Jonathan Arnowitz

I was thinking to actually changing tactics and propose we just try to understand one simple pattern, so we can going to deeper detail what architecture is involved in creating that pattern.

I would suggest we take a simple company web site home page pattern and see how this would correspond to the Pattern Language.

The first problem is the entire space is the pattern, which in turn is made up of sub patterns, which in turn is made up of tasks which replace architectural features in my version of the pattern language. Therefore, in order to understand how to build useful patterns, one must first be the master of the tasks in the same way an architect is the master of the building elements/building blocks that make an architectural space.

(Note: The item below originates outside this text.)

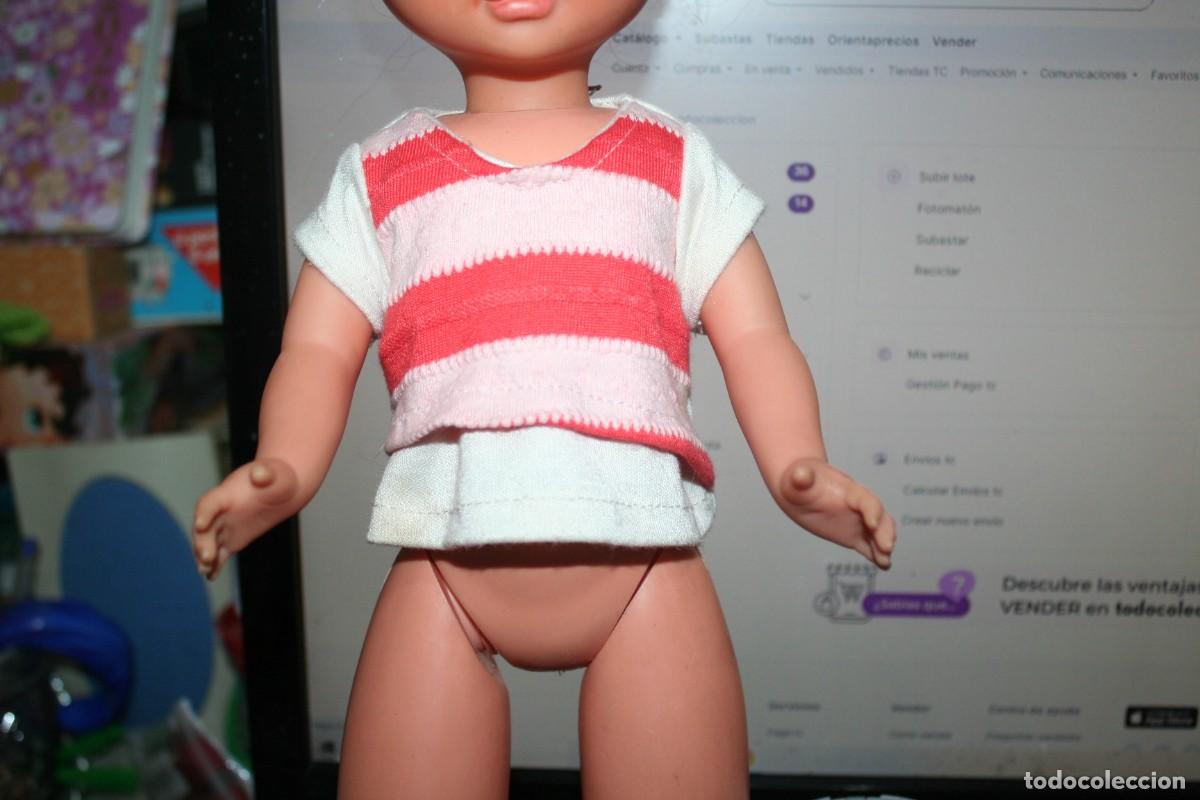 Mu&ntilde;ecas Nancy y Lucas: camiseta para mu&ntilde;eca nancy no original - Foto 1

So for example for our Company web-site pattern you have a list of sub patterns that help create this web-site space:

A web browser pattern - the tools the person needs to go to and from the web site.

a web browser

a search engine

Information space

Tell the user where they are and what they can do there

Direction space

Show the user an available task supporting set (including navigation, forms, etc.):

There, in short is web site pattern, and with each pattern a choice was made from an array of parameters. For example in the Direction Space the parameters could be:

Direction Space Show the user an available task supporting set: Available options:

--site map high level topic pages (regarding the company's purpose and target group)

-- Company information

{Parameters for Company information:

-- contact information

-- company information - clients

-- company information - methods

-- web site information (author, last date changed, a way to comment on the web site) }

For contact information, this is a building block and it looks like this: Blockname: contact information Object - company (name, street address, post address, telephone, fax, general email, route description {link}) Supporting objects: employees (position, bio, email, telephone)

For the block contact information all the items in () are parameterizeable. For each item, a style could be associated with it, so that even its appearance is specifieable in the pattern.

Anyway this is in short my pattern approach. It is based on learning the building blocks, the parameters, and then proceed to make your higher level patterns. It is based on pretty straight-forward application of the Christopher Alexander book The Timeless Way of Building and A Pattern Language.